JPH0268884A - High frequency heating device - Google Patents

Abstract

(57) [Summary] This bulletin contains application data before electronic filing, so abstract data is not recorded.

Description

DETAILED DESCRIPTION OF THE INVENTION Field of Industrial Application The present invention relates to a heating device such as a microwave oven that is equipped with a weight sensor and configured to automatically control heating time.

BACKGROUND OF THE INVENTION Heating devices equipped with conventional technology sensors to automatically control the heating time are already in widespread use. For example, in microwave ovens, products that combine humidity sensors, gas sensors, and weight sensors have been commercialized.

The automatic high-frequency heating device described in Japanese Patent Application Laid-Open No. 58-240108 is an example equipped with such a composite sensor.

This automatic high-frequency heating device is equipped with a gas sensor that detects gas or steam generated from the object to be heated, and a weight sensor that detects the weight of the object to be heated.The former detects the completion of heating of the object. However, for the latter, the maximum heating time is calculated from the initial weight of the object to be heated before heating, and monitoring is performed to ensure that heating does not occur beyond this time.

In this way, heating is controlled in parallel based on the information obtained by the two sensors, so a small amount of the object to be heated, which is likely to be overheated if the heating is finished only by the gas sensor, is controlled by the maximum heating time by the weight sensor. Control stops heating early,
Improvements have been made in handling portion size throughout the shell.
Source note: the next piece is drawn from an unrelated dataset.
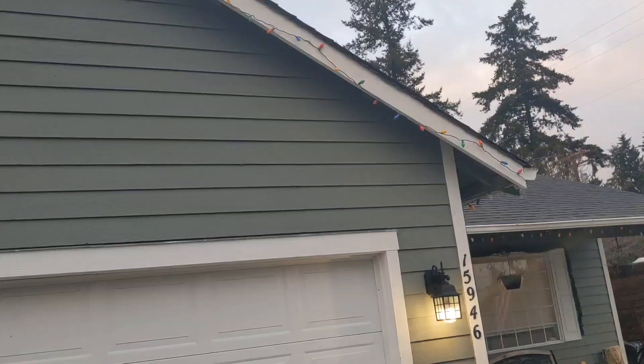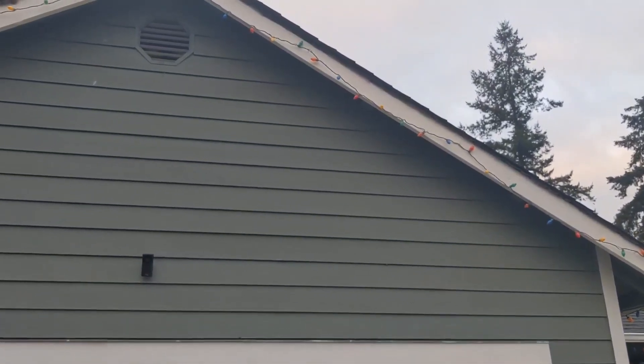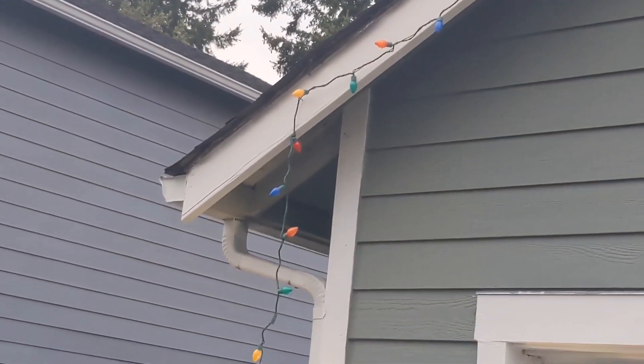Welcome to Shop Time 360. A little different video today. I'm going to fix some Christmas lights that got messed up in a windstorm we had a few weeks ago — I just hadn't had time to get up there and fix them. I have to get an extension ladder, and the motivation to drag one out and climb up to fix some Christmas lights didn't sound all that appealing. So I'm gonna get it done today because it's looking pretty bad, and I'll show you what I'm gonna do.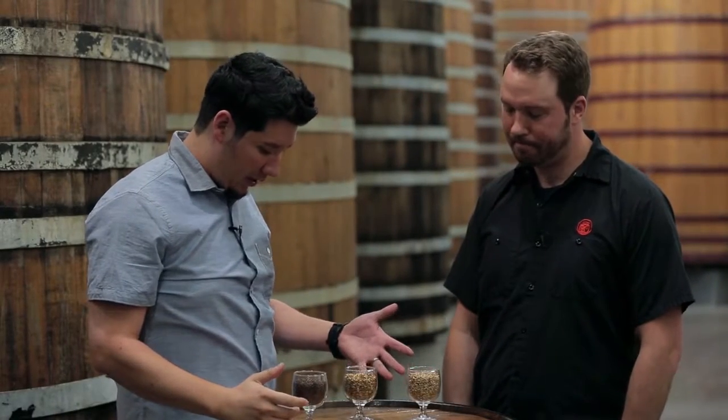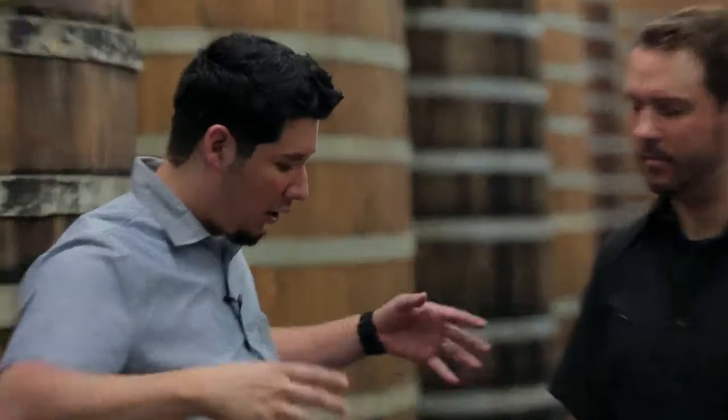Grains — when I think of malted barley, I think of grains; it kind of all lumps into one category, like grains for making beer. But once you start tasting grains, there's such a myriad of flavors, and that's the kind of thing that chefs really need to be aware of.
It was also extremely safe even if the gas sensor broke or could not be detected for some reason.

Problems to be Solved by the Invention However, in the conventional automatic high-frequency heating apparatus as described above, the maximum heating time is calculated using a linear equation as shown in the following equation.

T, = AW, --- (1) where To: Maximum operating time A: Constant Wo: Weight of the object to be heated However, the actual optimum heating time for the object to be heated cannot be placed on the following equation. First, as shown in FIG. 1, the larger the amount, the more the equation deviates from this linear equation, and the optimum heating time tends to become somewhat shorter.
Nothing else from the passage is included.